CATHOLIC education in Queensland enters another busy year with the opening of a new primary school, expanded kindergarten services and ongoing preparations for the transition of Year 7 to secondary school in 2015.
About 143,000 or one in five Queensland students and more than 17,000 teachers and staff will begin the school year at one of 297 Catholic schools across the state on January 28.
Queensland Catholic Education Commission executive director Mike Byrne said Emerald’s new St Brigid’s School had opened for the 2014 school year.
“Good Shepherd Primary School, Springfield Lakes; Mother Teresa Primary School, Ormeau; St Clare’s Primary School, Burdell Townsville and St Benedict’s College, Mango Hill, continue to add new year levels,” he said.
“Two further kindergarten services will open on Catholic school sites at Gatton and Mango Hill this year.
“A new kindergarten has also been developed by the Rockhampton diocese in Emerald.”
Mr Byrne said St Brigid’s, Emerald was the first Catholic school to be built with assistance from the Newman Government’s Building Our Future Schools Fund.
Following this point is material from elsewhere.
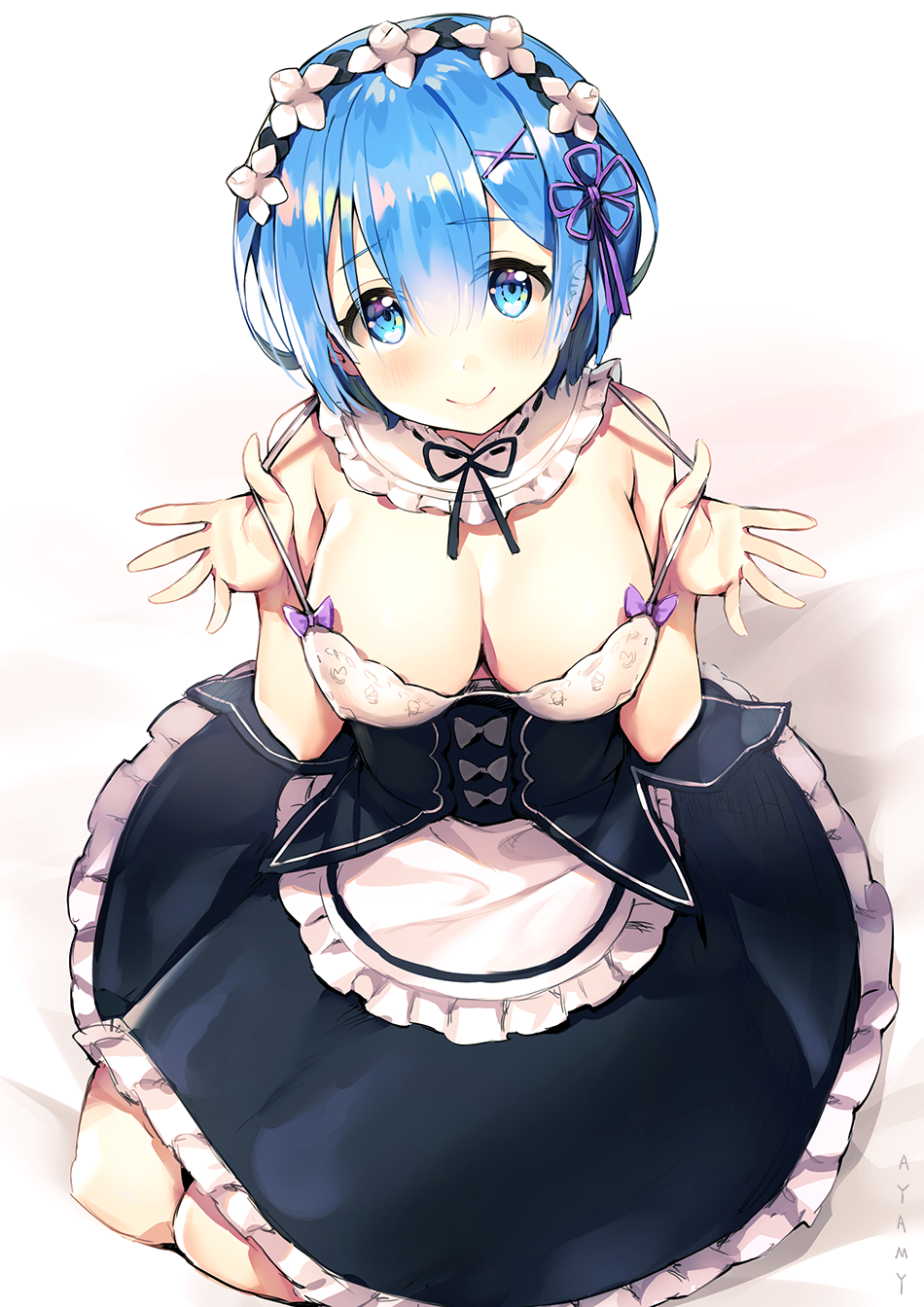 1girl apron artist_name ayamy bangs bare_arms bare_shoulders black_dress black_ribbon blue_eyes blue_hair blush breasts cleavage closed_mouth commentary_request detached_collar dress from_above hair_between_eyes hair_ornament hands_up headdress highres kneeling large_breasts looking_at_viewer looking_up maid maid_apron re:zero_kara_hajimeru_isekai_seikatsu rem_(re:zero) ribbon short_hair sidelocks smile solo strap_pull underbust waist_apron x_hair_ornament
“The State Government has contributed $6.1 million to the development of St Brigid’s which has been strongly support by families in Emerald,” he said.
The QCEC would continue to engage with a number of government policy issues on behalf of the Catholic sector, Mr Byrne said.
These include the reviews of the Australian curriculum and the Queensland OP score, senior assessment and tertiary entrance processes.
He said Catholic sector preparations for the move of Year 7 to secondary school in 2015, while well advanced, would also gather further momentum this year.
“I thank our families for their ongoing support for Catholic schools and offer best wishes to all Queensland school communities – Catholic, state and independent – for a happy, safe and productive year ahead,” Mr Byrne said.
Catholic schools in Queensland educate about 18.5 per cent of all students and almost 60 per cent of students in non-government schools.
Enrolments in Catholic schools have been growing by 2-3 per cent over the past decade.
Queensland’s Catholic schools are operated by five diocesan education authorities based in Cairns, Townsville, Rockhampton, Toowoomba and Brisbane and 16 Religious Institutes.